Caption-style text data

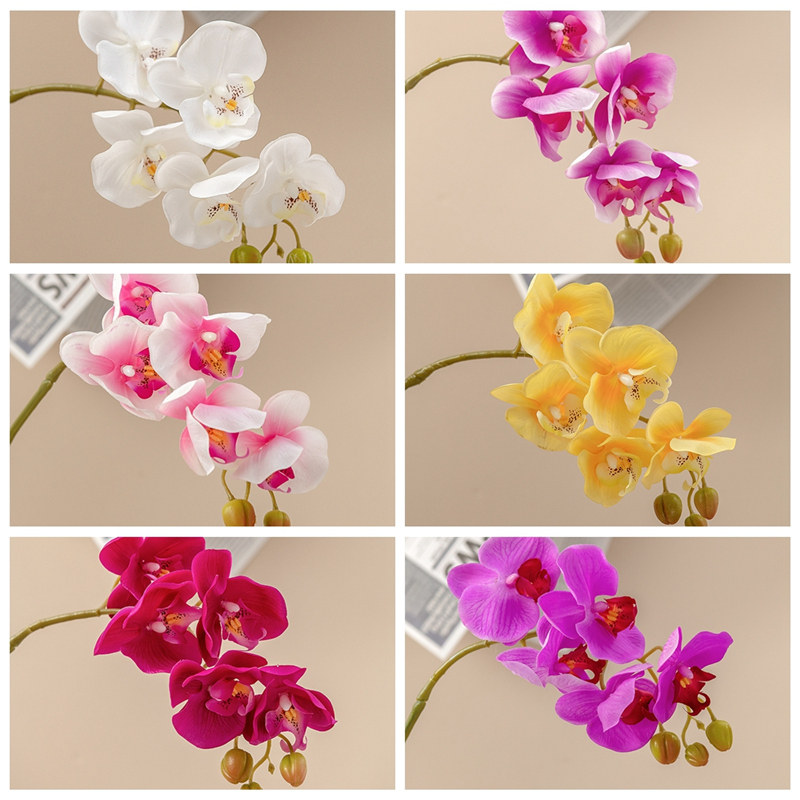High-end glue hands butterfly orchid simulation flower set home decoration flowery soft flower plug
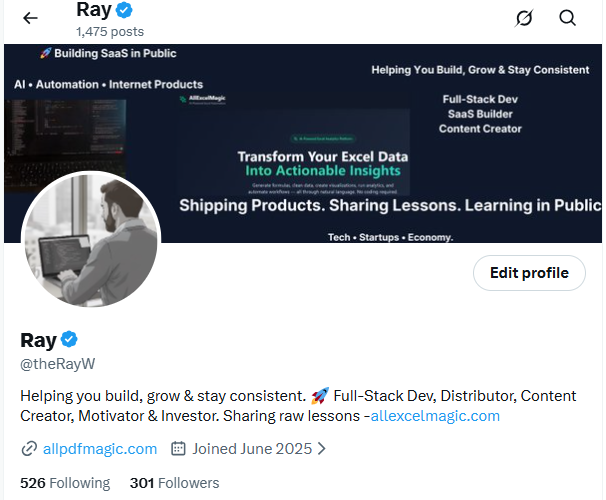 just hit 300 followers. 

looking at this numbers and realizing that showing the raw, messy process of building allpdfmagic and allexcelmagic actually resonates. 

thanks to everyone for the feedback, the dms, and the motivation. back to the code now. 🛠️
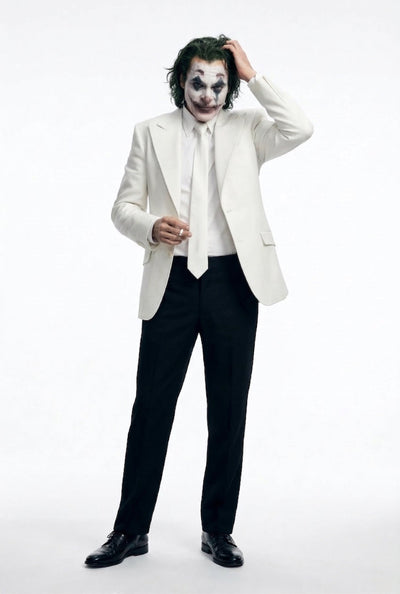 Men’s White Blazer Joker Folie à Deux Arthur Fleck Inspired Jacket – Classic Formal Party Blazer, Elegant Evening Wear, Stylish Costume Blazer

### What the task requires
Drop the images and repeat the data exactly.

### Answer section
High-end glue hands butterfly orchid simulation flower set home decoration flowery soft flower plug
 just hit 300 followers. 

looking at this numbers and realizing that showing the raw, messy process of building allpdfmagic and allexcelmagic actually resonates. 

thanks to everyone for the feedback, the dms, and the motivation. back to the code now. 🛠️
 Men’s White Blazer Joker Folie à Deux Arthur Fleck Inspired Jacket – Classic Formal Party Blazer, Elegant Evening Wear, Stylish Costume Blazer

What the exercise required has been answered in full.